Assim chamadas em homenagem ao metalurgista alemão Adolf Martens (1850 – 1914), as martensitas também apresentam uma estrutura peculiar, combinando regiões de deformação e orientação distintas. E é isso que lhes confere uma dureza muito superior às de outras formas de aço. Mas é importante ressaltar que os cristais líquidos esméticos e as martensitas são materiais completamente diferentes. O que têm em comum são suas microestruturas, na qual coexistem diversas configurações compatíveis de baixa energia.
As linhas cônicas que aparecem no cristal líquido esmético são chamadas de “defeitos” porque ocorrem nos locais em que um determinado conjunto de camadas moleculares concêntricas é interrompido e as moléculas contíguas situadas além da linha se apresentam dispostas em outro conjunto. Os defeitos, já foi dito, são as intersecções entre esses dois conjuntos. E os conjuntos distintos constituem as variantes do cristal líquido esmético.
“Por analogia com as martensitas, essas variantes podem ser pensadas como deformações de uma estrutura básica. No caso das martensitas, a célula unitária se deforma ao longo de uma das três direções – comprimento, largura e altura. E cada deformação define uma variante. As diversas variantes se combinam segundo um princípio de mínima energia, sujeito às condições de contorno”, explicou Liarte.
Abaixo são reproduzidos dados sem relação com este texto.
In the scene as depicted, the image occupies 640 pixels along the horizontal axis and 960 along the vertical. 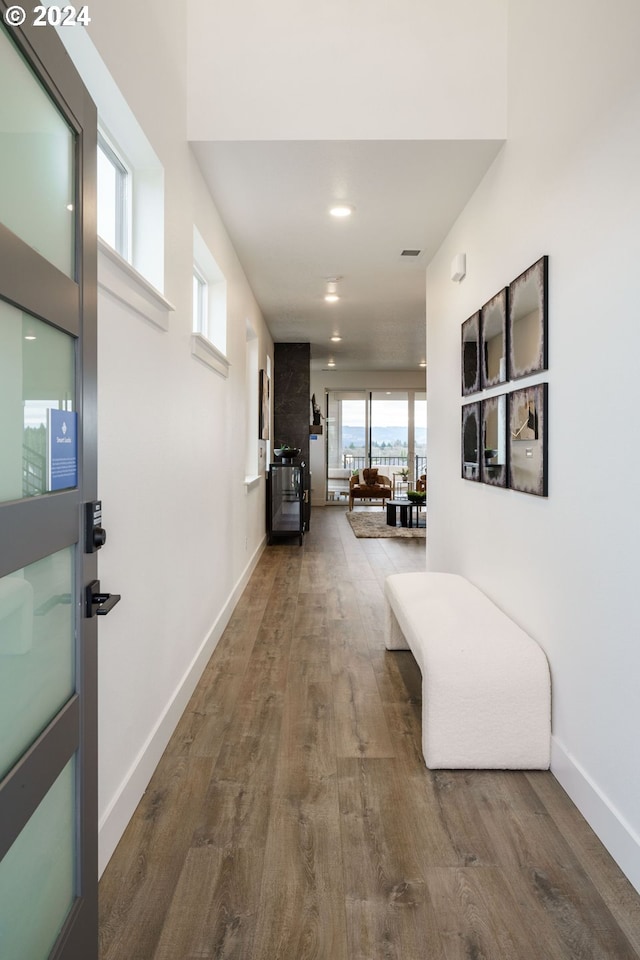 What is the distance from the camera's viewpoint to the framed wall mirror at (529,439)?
2.25 metres

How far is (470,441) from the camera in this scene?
3.33m

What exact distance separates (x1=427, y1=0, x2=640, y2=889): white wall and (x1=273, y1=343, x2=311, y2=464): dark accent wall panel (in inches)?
215

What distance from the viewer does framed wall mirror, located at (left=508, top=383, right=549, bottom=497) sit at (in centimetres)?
225

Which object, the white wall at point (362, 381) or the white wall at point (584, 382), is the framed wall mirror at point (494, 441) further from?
the white wall at point (362, 381)

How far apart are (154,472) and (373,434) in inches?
405

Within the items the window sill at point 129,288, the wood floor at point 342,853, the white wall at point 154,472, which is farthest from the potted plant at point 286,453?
the window sill at point 129,288

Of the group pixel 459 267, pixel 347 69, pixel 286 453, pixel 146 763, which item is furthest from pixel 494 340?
pixel 286 453

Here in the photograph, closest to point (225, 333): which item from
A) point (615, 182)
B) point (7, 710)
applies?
point (615, 182)

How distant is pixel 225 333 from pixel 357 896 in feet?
10.7

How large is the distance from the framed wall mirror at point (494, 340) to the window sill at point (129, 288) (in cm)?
148

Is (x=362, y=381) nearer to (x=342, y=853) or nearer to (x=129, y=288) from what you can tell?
(x=129, y=288)

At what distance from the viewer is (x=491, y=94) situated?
2.69m

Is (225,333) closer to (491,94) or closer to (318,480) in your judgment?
(491,94)

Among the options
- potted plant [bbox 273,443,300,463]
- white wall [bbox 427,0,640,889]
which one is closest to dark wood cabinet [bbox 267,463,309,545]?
potted plant [bbox 273,443,300,463] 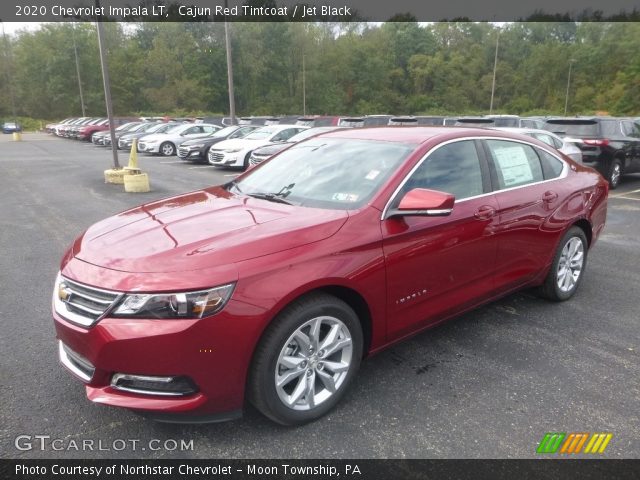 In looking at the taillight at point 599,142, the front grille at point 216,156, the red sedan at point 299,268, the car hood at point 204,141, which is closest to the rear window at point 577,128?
the taillight at point 599,142

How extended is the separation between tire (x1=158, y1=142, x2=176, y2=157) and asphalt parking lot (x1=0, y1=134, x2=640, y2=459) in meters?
17.6

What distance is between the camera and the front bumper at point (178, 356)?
7.78 ft

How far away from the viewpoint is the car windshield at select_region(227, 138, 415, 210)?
3275 millimetres

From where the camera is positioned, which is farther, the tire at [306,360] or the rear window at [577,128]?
the rear window at [577,128]

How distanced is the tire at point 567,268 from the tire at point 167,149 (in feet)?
65.0

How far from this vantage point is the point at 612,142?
→ 11828 millimetres

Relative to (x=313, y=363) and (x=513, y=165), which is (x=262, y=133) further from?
(x=313, y=363)

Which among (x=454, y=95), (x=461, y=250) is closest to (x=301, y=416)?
(x=461, y=250)

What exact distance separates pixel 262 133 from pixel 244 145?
140 cm

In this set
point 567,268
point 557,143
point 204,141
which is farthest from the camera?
point 204,141

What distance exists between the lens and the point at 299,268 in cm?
264

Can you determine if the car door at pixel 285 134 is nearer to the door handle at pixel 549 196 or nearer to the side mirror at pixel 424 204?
the door handle at pixel 549 196

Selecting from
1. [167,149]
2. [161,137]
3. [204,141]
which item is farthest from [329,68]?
[204,141]

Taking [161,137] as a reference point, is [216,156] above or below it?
below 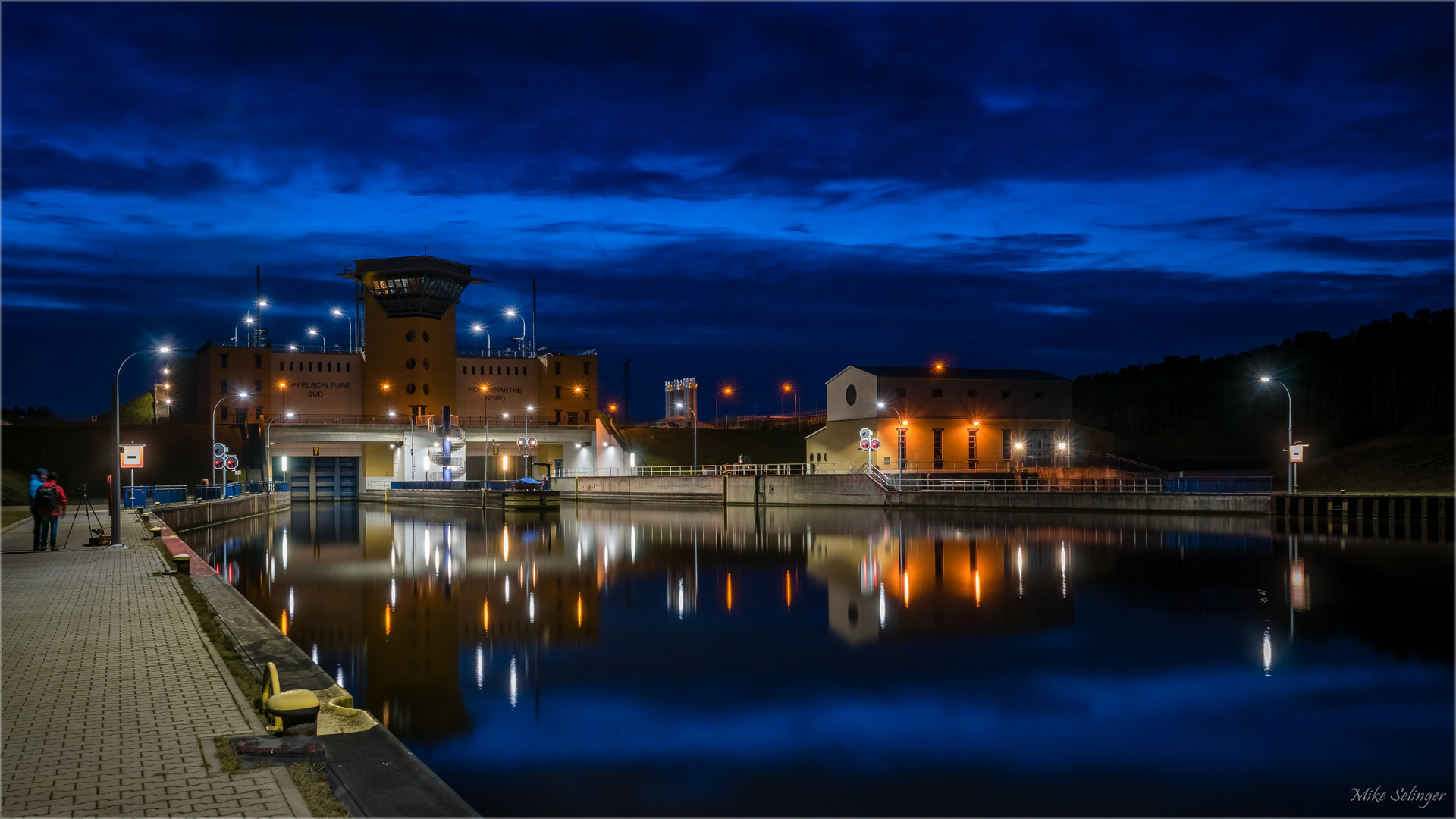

Porém existe uma importante diferença que torna o estudo dos esméticos muito mais desafiador do que o estudo das martensitas. É que, no caso das martensitas, as configurações de baixa energia podem ser descritas como simples rotações tridimensionais das variantes cristalinas. Porém, no caso dos esméticos, os mínimos de energia podem ser produzidos também por outros tipos de transformações. E foi em relação a esse tópico que Liarte e colegas deram sua contribuição mais interessante, ao utilizarem as transformações de Lorentz para fazer a passagem de uma variante a outra.
Estabelecidas pelo físico holandês Hendrik Lorentz (1853 – 1928), as transformações de Lorentz são um conjunto de equações que descrevem como as medidas de espaço e tempo se alteram quando realizadas em sistemas de referência inerciais diferentes. Utilizadas posteriormente por Einstein, essas equações constituem o arcabouço matemático da teoria da relatividade especial, publicada em 1905.
“Um dos nossos colaboradores, Randall Kamien, da University of Pennsylvania, deduziu recentemente que os diferentes conjuntos de camadas do esmético podiam ser relacionados uns com os outros pelas mesmas equações da relatividade especial, com a condição de se substituir a variável tempo (t) das transformações de Lorentz por uma grandeza que conta o número de camadas do cristal líquido. Essas equações permitem descrever, por exemplo, as mudanças de excentricidade entre as diversas cônicas”, informou Liarte.
Para descrever todas as variantes possíveis, os pesquisadores utilizaram quatro tipos de transformações: rotações, translações, dilatações e transformações de Lorentz. Esses quatro tipos de transformações compõem a chamada invariância de Weyl-Poincaré, que contém todas as formas de simetria da relatividade especial.